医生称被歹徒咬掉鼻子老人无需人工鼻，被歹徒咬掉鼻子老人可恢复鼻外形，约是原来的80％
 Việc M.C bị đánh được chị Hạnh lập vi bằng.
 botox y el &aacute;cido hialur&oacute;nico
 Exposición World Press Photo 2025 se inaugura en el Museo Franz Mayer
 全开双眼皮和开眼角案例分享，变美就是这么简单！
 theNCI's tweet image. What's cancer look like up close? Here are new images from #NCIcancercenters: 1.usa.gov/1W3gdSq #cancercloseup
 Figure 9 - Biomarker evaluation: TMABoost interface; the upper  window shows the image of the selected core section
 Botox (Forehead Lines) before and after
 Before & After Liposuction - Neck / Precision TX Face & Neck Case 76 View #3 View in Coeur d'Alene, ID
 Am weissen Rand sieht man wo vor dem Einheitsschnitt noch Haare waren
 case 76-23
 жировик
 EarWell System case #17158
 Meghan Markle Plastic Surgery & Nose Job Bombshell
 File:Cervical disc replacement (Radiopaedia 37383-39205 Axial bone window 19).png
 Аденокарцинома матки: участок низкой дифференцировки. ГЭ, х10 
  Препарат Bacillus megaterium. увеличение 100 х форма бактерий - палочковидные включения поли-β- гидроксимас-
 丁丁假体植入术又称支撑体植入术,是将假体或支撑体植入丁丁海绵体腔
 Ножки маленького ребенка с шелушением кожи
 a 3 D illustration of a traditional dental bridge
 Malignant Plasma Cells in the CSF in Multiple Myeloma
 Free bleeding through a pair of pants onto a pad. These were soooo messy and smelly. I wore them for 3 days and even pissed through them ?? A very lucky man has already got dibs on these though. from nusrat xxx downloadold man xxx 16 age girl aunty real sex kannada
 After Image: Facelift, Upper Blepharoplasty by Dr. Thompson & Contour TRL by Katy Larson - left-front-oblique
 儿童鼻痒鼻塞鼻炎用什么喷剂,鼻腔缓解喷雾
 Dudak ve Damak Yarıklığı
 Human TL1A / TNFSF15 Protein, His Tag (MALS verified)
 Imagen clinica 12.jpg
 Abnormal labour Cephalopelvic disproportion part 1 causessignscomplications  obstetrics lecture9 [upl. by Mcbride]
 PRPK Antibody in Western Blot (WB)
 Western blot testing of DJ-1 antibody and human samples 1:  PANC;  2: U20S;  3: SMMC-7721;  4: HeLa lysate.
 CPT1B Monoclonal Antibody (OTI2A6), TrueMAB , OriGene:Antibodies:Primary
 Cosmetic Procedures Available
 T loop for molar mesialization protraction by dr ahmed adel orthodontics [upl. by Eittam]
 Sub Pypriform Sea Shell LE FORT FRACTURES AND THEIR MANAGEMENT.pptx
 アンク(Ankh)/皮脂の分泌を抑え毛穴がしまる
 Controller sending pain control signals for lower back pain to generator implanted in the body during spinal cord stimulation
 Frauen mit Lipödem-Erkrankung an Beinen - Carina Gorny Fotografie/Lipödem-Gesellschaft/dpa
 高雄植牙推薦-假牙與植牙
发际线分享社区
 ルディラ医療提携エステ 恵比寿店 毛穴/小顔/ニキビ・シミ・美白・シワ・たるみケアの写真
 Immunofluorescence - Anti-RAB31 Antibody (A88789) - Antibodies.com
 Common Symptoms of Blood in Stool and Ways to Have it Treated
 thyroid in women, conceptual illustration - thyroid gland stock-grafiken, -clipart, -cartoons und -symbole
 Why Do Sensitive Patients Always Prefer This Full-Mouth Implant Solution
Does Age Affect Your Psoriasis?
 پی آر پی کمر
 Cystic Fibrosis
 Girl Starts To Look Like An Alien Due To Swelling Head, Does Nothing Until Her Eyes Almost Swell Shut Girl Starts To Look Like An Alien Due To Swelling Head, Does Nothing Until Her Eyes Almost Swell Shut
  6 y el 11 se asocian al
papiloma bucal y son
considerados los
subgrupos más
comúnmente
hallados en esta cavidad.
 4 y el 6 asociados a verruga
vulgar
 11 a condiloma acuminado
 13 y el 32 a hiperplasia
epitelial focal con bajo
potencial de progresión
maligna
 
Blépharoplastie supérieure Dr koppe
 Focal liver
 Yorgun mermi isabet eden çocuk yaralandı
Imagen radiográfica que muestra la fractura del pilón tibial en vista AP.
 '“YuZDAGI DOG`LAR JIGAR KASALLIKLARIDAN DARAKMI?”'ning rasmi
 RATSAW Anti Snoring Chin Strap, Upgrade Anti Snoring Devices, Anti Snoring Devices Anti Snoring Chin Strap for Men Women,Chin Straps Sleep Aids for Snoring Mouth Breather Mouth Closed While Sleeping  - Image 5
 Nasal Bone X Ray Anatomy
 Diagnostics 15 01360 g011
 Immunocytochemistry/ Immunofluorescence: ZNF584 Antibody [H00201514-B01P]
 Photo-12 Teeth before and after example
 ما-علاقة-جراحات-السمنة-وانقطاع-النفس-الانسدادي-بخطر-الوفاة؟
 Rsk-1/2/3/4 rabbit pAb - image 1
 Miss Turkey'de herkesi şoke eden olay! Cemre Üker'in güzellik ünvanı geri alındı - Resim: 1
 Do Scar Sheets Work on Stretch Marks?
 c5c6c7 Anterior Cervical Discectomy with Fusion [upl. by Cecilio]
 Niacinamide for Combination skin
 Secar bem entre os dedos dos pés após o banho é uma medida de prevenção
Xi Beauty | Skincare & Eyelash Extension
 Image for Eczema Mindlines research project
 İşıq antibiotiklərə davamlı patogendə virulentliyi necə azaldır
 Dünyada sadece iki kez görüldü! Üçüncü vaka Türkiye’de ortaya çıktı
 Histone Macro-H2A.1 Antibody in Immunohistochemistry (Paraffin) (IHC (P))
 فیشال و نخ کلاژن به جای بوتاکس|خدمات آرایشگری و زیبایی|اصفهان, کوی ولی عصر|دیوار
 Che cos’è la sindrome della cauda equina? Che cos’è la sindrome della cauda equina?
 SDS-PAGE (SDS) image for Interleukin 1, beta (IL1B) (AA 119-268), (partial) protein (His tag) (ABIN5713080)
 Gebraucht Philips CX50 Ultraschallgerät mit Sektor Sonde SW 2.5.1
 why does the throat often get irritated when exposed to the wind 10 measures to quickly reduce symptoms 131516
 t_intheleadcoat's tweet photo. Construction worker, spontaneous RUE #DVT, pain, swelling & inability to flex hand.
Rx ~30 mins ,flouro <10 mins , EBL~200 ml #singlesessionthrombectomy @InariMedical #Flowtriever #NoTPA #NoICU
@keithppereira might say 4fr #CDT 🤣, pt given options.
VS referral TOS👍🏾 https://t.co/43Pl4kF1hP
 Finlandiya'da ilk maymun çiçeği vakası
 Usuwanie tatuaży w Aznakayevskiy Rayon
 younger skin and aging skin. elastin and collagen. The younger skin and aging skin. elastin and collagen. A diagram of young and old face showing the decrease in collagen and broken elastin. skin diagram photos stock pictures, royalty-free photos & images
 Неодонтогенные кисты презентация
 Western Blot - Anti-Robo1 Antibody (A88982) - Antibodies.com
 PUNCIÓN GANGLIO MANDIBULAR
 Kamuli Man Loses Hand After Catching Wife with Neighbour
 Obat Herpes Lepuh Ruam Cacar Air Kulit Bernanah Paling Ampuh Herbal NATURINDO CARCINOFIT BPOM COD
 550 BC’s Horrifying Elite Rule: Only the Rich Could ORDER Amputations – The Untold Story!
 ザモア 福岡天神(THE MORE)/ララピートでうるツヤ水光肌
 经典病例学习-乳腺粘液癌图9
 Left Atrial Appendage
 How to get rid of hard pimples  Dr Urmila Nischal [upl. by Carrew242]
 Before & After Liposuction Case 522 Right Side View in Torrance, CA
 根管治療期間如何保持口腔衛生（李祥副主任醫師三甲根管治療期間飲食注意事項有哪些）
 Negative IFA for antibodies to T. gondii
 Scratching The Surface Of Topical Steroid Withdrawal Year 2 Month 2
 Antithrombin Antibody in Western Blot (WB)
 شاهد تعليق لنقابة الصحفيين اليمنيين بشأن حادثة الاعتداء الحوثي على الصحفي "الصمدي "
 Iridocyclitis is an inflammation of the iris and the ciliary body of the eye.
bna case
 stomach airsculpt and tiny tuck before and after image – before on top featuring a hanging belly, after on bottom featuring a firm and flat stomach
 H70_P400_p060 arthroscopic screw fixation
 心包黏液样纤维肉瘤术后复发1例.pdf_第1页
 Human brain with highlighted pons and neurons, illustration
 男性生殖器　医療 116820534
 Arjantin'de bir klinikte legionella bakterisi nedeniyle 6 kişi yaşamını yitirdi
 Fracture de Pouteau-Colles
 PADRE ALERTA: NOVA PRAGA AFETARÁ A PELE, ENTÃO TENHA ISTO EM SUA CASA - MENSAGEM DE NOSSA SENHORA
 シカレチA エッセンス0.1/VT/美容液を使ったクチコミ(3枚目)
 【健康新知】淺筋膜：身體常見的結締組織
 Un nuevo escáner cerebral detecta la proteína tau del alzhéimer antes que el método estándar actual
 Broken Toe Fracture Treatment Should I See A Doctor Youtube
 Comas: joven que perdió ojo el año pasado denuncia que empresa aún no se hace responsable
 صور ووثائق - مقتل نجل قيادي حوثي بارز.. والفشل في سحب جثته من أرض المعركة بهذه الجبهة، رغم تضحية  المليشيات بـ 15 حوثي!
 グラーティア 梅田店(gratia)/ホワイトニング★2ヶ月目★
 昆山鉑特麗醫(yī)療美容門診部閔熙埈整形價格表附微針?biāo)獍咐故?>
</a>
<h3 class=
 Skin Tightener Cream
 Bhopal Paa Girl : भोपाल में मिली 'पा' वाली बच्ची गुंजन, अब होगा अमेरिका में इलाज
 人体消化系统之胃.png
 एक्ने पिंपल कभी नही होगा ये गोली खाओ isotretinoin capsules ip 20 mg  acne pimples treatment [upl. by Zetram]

————

→ **YOUR OBJECTIVE**
Scan the listing above. Collect all lines with the word "Western".

→ **YOUR RESPONSE**
 PRPK Antibody in Western Blot (WB)
 Western blot testing of DJ-1 antibody and human samples 1:  PANC;  2: U20S;  3: SMMC-7721;  4: HeLa lysate.
 Western Blot - Anti-Robo1 Antibody (A88982) - Antibodies.com
 Antithrombin Antibody in Western Blot (WB)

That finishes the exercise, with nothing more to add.